Dans son roman, Le Gouverneur d’Antipodia paru en 2012, il invite le lecteur à découvrir une île, ou plutôt un confetti « à mi-chemin entre le sud de la Tasmanie et le nord du continent Antarctique ». La population y est minimale : deux âmes et un troupeau de chèvres. Parmi les humains, voici Albert Paumier de Franville, cinquante-deux ans : « Détaché par la compagnie La Glaciale qui en a la concession, mais sous l’autorité du préfet des TAAF (Terres australes et antarctiques françaises), je suis à la fois l’administrateur de ces terres désolées, le conservateur de sa faune et de sa flore, son météorologue, son officier légiste et son douanier, bref, une sorte de consul honoraire. » Bref, c’est le patron et il aime se faire appeler « le Gouverneur » ou « le Gouv’ ». Sous sa gouverne : François Lejodic alias Jodic, trente-quatre ans, qui entame sa deuxième saison à Antipodia en qualité d’électromécanicien.
L’humanité, quelle farce…
On devine qu’être muté sur cet ilot, où les cieux « sont rouges et noirs comme dans un décor de music-hall », n’est pas vraiment une promotion. Le Gouverneur paie pour avoir été pris dans une sombre affaire de mœurs tandis que son compagnon est venu oublier « le monde d’avant » et sa vie d’autrefois « devenue un rêve effiloché ». Pour se distraire, les deux hommes alternent parties de Scrabble et de fléchettes. Il y a aussi Babetta, une Suédoise pas farouche dont les performances cinématographico-sexuelles sont consignées dans une précieuse VHS. Quant à Jodic, il possède son petit jardin secret : le bien-nommé reva-reva, plante hallucinogène dont le jus le sauve de la mélancolie en lui redonnant – la cueillette cédant la place, civilisation oblige, à la chasse – le goût d’instincts anciens et un peu guerriers. Quelques chèvres ne s’en remettront pas. L’existence de ce tandem, aussi harmonieux que désaccordé, va être troublée par l’arrivée d’un naufragé mauricien. Sauvé des eaux, Moïse n’est pas pour autant sorti d’affaire…

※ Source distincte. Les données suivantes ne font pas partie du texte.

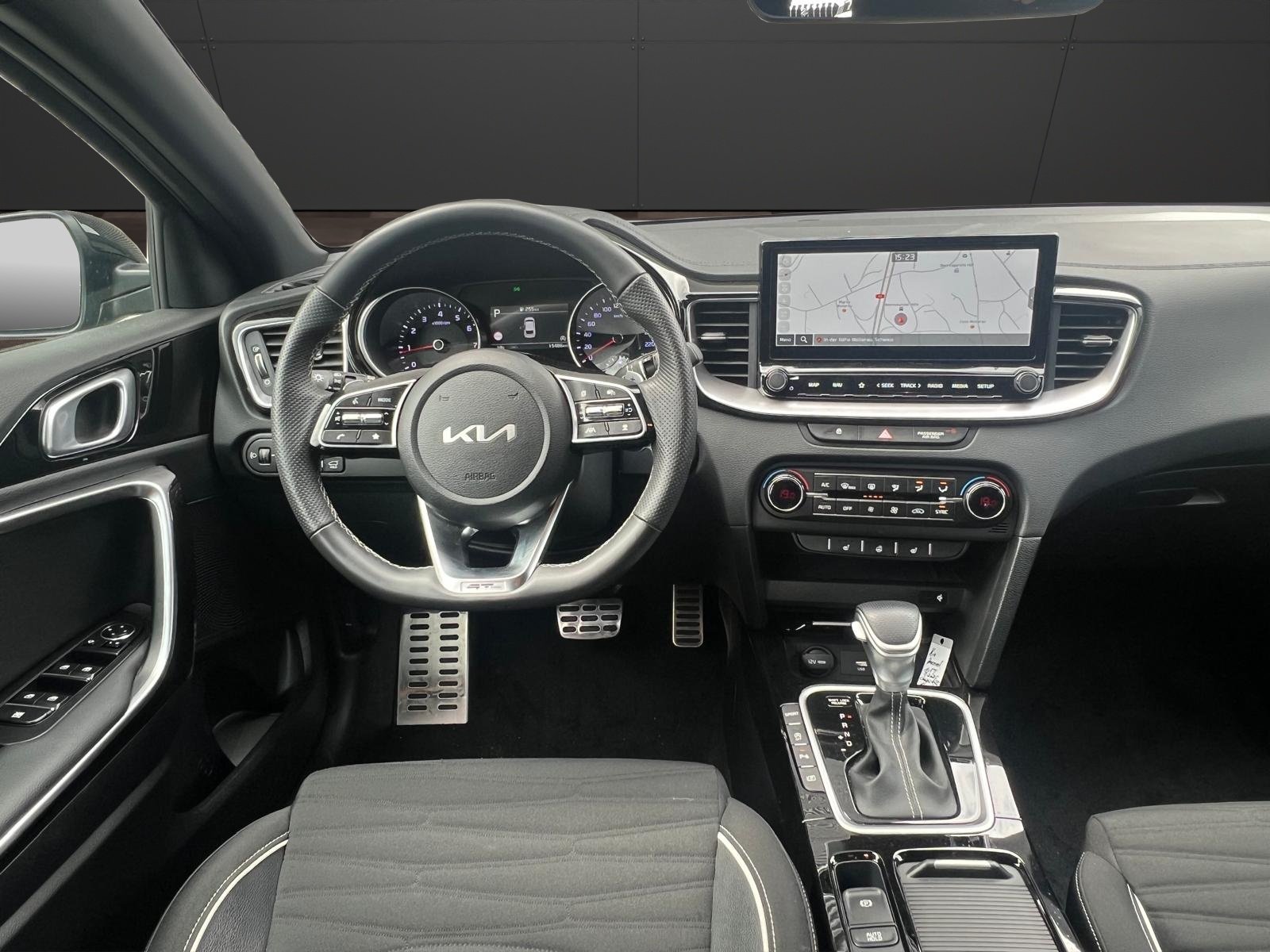 KIA ProCeed 1.5 T-GDi GT-Line Edition DCT, Benzin, Occasion / Gebraucht, Automatik - 6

Si les motifs rassemblés dans Le Gouverneur d’Antipodia, qui rappellent autant Robinson Crusoé que Le Désert des Tartares, ne sont pas inédits, Jean-Luc Coatalem les revisite à sa manière : altière et mordante. L’absurde s’invite dans cette sorte de fable métaphysique qui s’achève dans un jeu de massacre désolant et réjouissant. Chez Coatalem, on croit pouvoir fuir, s’échapper, trouver enfin des latitudes plus accueillantes. Peine perdue. « L’humanité, quelle farce ! », s’exclame le Gouverneur. Cela pourrait être aussi le titre de ce roman drolatique et noir, mais ce serait oublier la grâce poétique de son style : « Une grosse mouche est posée sur mon doigt, bague éphémère et merveilleuse. Mes souvenirs ressemblent à ces fleurs de thé japonais qui se déplient et s’épanouissent dans l’eau brûlante. Laisser refroidir. Bonsoir, choses d’ici-bas. » On croyait être chez Jules Verne et l’ombre de Paul-Jean Toulet apparaît.